Did I just do that: the process of learning & growing

I’ve come to find the process of considerable growth is often filled with “did I just do that” moments.  These are moments of dramatic growth that are so surprising that they seem to occur and perhaps only occur, at the extreme ends of one’s imagination or realm of possibility. These uncommon, unexpected, pleasant and gratifying moments aren’t an occurrence of chance but rather are a pattern of attitudes and actions.  I’ve experienced a few of these in the past two months and I’ve also identified some patterns that lead to such events.

My first did I just do that moment this summer occurred when I wrote my last function of a general recommendation system I had spent a few weeks building in the C programming language. Although I had worked with recommendation systems for years this was particularly challenging as I was using new algorithms while learning C, a very demanding and more rigorous language than what I was accustomed to.

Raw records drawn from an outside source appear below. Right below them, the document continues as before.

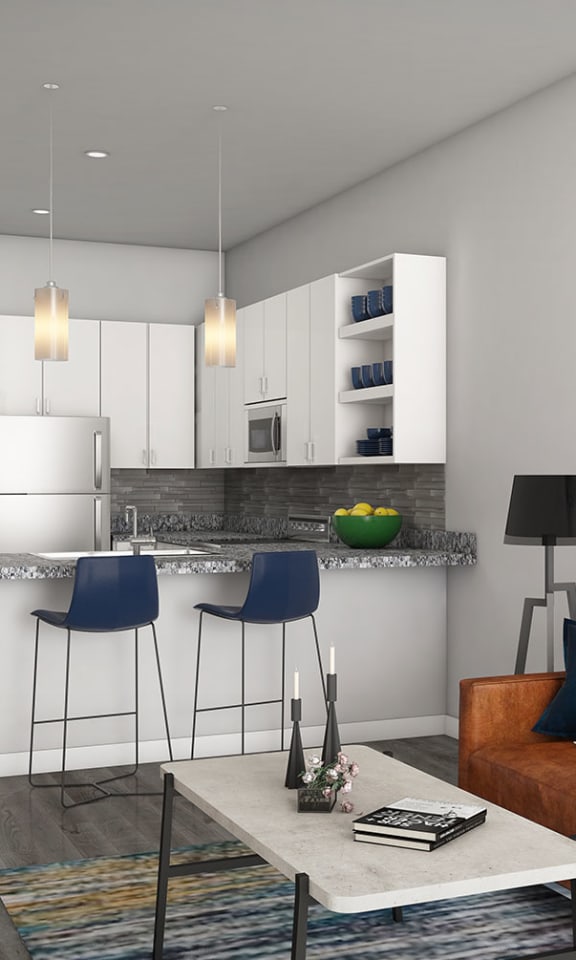 a living room with a couch and a kitchen  at Link Apartments® Canvas, Atlanta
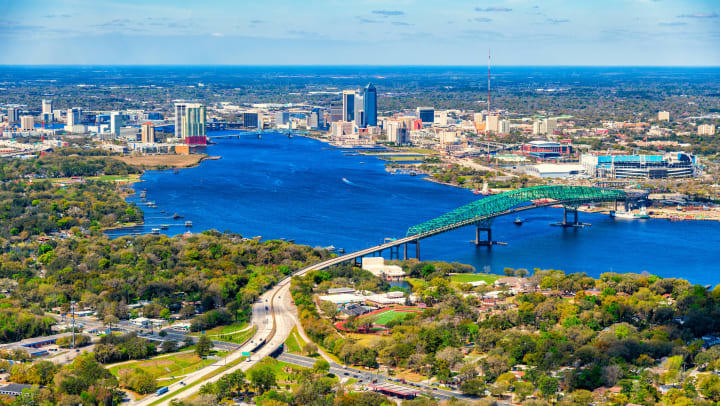 Aerial view of downtown Jacksonville with river, bridge, high-rise buildings, and trees on a sunny day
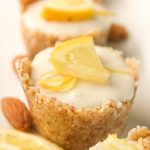 a row of lemon cheesecake tartlets in a raw nut crust with a garnish of fresh lemon slices on a white plate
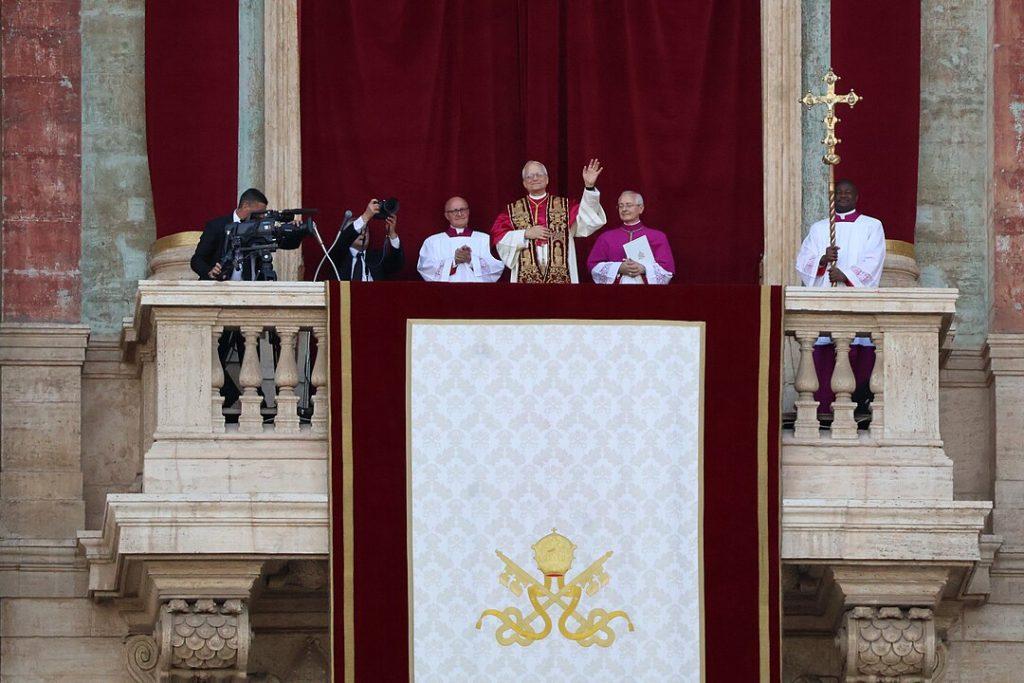 Pope Leo XIV waving from the loggia of St. Peter's Basilica in his first public appearance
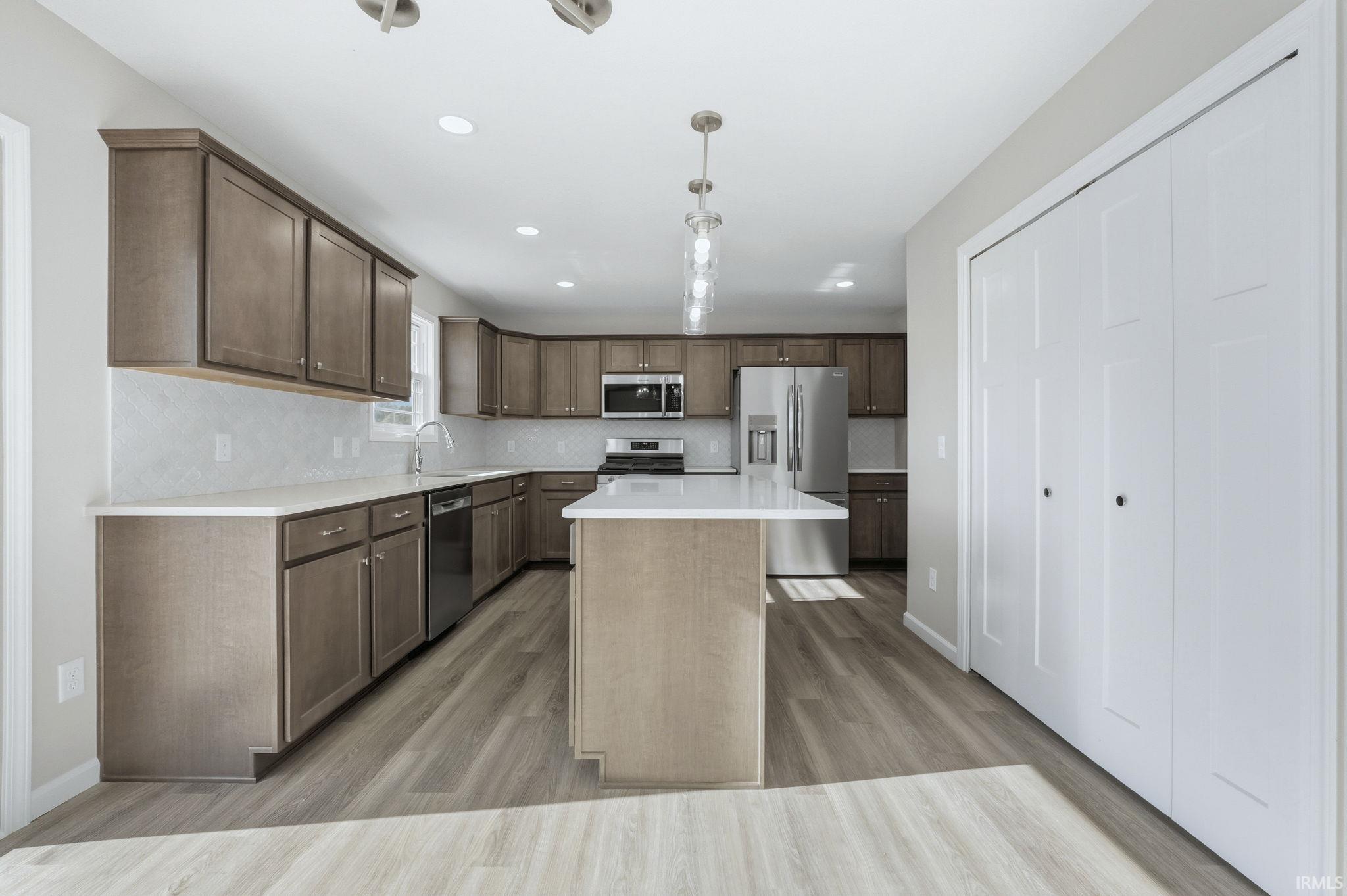 Kitchen featuring stainless steel appliances, pendant lighting, light wood finished floors, and a kitchen island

When I compiled the code, ran it, I experienced a true moment of awe: Did I just build a recommendation system in C from the ground up, without the comforts of “easier” languages and it worked?

My second did I just do that moment occurred a few weeks later. In the midst of building a cryptocurrency, again in the C programming language, I was faced with the challenge of encoding very large numbers, used to represent users and transactions, and decoding them — a task that quickly revealed gaps in some of my “low-level” knowledge. After a few days of exhausting all possible options and making very small progress I began to think the task might either impossible or not worth the trouble. With the last ounces of hope left I reexamined my notions, assumptions about the problem, made explicit the implicit connections and eventually gave it another try — and it worked. I had persisted, strengthened my scope of knowledge in order to derive a solution.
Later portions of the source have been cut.